Groundbreaking Study Shows GLP-1RAs Significantly Reduce Death Rate in Psoriasis Patients

Reduction of Risks in Psoriasis Patients Using GLP-1RA

Psoriasis, a chronic skin condition affecting 2-3% of the global population, has long been linked to not only visible symptoms but also an increased risk of severe health issues such as heart attacks, strokes, and mental health disorders, including depression and anxiety. Recent groundbreaking research presented at the EADV Congress 2025 has shed light on the potent benefits of Glucagon-like Peptide-1 receptor agonists (GLP-1RAs) for patients suffering from psoriasis.
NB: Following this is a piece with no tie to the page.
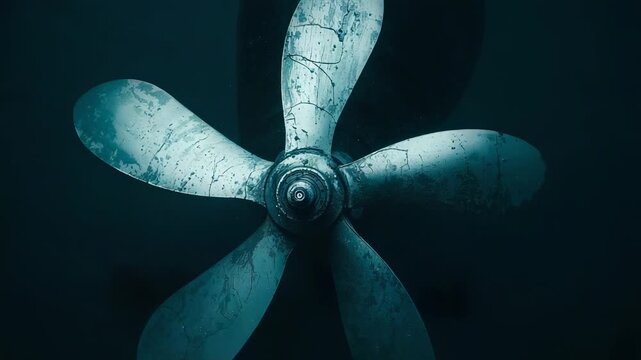 Rotating five blade prop after motor start, turning clockwise in hull, revealing hub nut corrosion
The study, the largest of its kind, has shown that psoriasis patients treated with GLP-1RAs have a staggering 78% lower mortality risk and a 44% reduction in the likelihood of experiencing major cardiovascular events when compared to those on alternative diabetes and weight-loss medications. This noteworthy finding positions GLP-1RAs not only as a treatment for Type 2 diabetes and obesity but also as a potential game-changer for psoriasis management.

Study Details

Researchers analyzed data from an extensive database encompassing over 110 million patients in the United States. The analysis focused on more than 6,000 psoriasis patients, specifically comparing two groups: one that received GLP-1RAs, including Semaglutide and Liraglutide, and another that was treated with other diabetes and obesity medications. The outcomes were measured over a period of two years, with results adjusted for age, gender, and existing health conditions.
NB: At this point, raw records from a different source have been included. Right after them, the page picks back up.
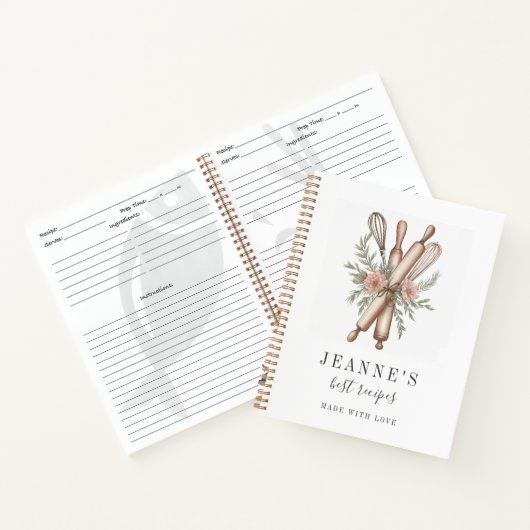 Custom Bakers Rolling Button Whisk Recipe Vorlagen Notizblock (Innenseite)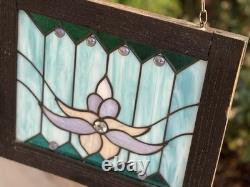 Stained Glass Lotus Flower Window Panel Suncatcher Hangin Wood Frame Art Nouveau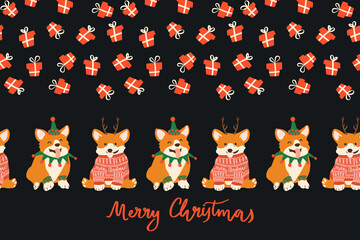 Vector Christmas cute corgi for Xmas party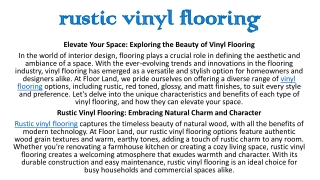 rustic vinyl flooring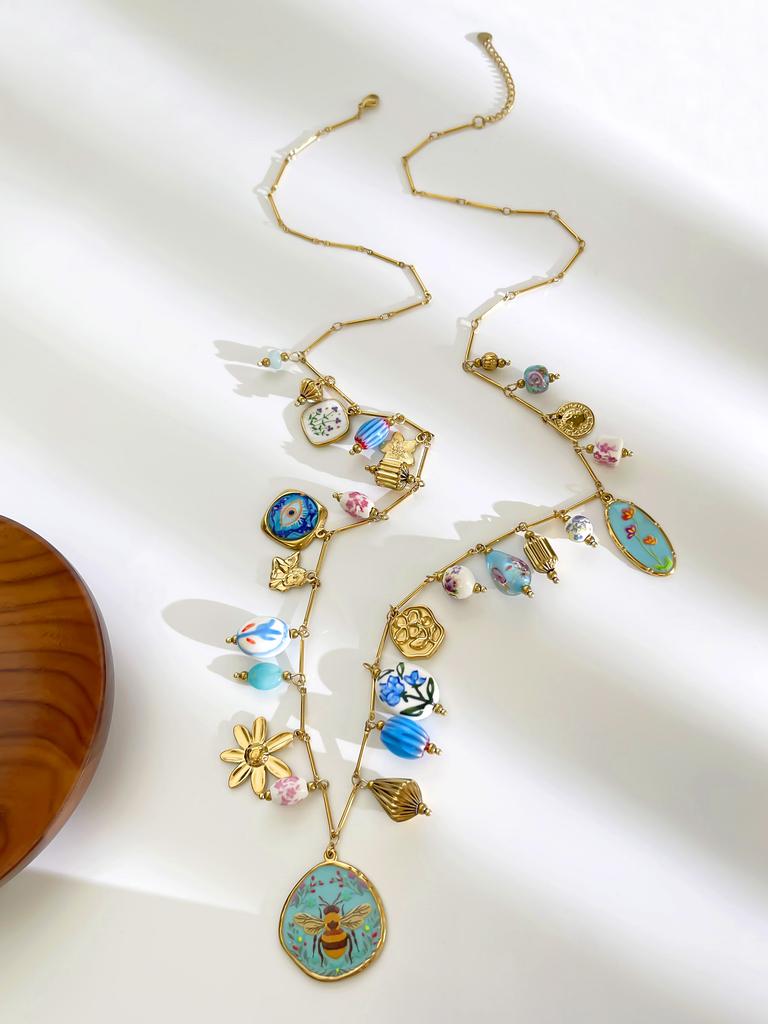 Peri'sbox Stainless Steel Ceramic Blue Bee Multiple Pendant Women Necklace Long Style Party Exquisite Luxury Jewelry Accessories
The evidence indicated consistent benefits from GLP-1RAs across various sensitivity analyses, which utilized propensity score matching to mitigate the impact of potential confounding variables. A lead author of the study, Professor Ralf Ludwig, commented on the findings, emphasizing that GLP-1RAs might help reduce cardiovascular and psychiatric risks in psoriasis patients beyond their weight and blood sugar control capabilities.

Psychological and Behavioral Benefits

Interestingly, the study also revealed a significant decrease in substance abuse issues among psoriasis patients undergoing GLP-1RA therapy, showing a 65% reduction in alcohol misuse and nearly 50% for drug abuse. The mechanisms at play may include the ability of GLP-1RAs to inhibit pro-inflammatory mediators typically elevated in psoriasis, alongside their expression in brain regions associated with mood and reward systems—potentially explaining the observed decreases in alcohol and drug dependency.

Implications of the Findings

The advantages highlighted in the research indicate that GLP-1RAs could significantly transform treatment protocols for psoriasis patients, especially those concurrently managing diabetes or weight concerns. The safety profile of GLP-1RAs aligned closely with that of the general population, with no substantial increase in adverse events like hypoglycemia, nausea, or constipation.

Professor Ludwig concluded the study by suggesting that given their safety and diverse benefits, GLP-1 receptor agonists could soon be favored as a treatment choice for psoriasis patients requiring assistance with diabetes or weight management. As the medical community continues to explore the expansive horizon of psoriasis treatment, the findings from the EADV Congress 2025 undoubtedly pave the way for improved health outcomes for millions worldwide.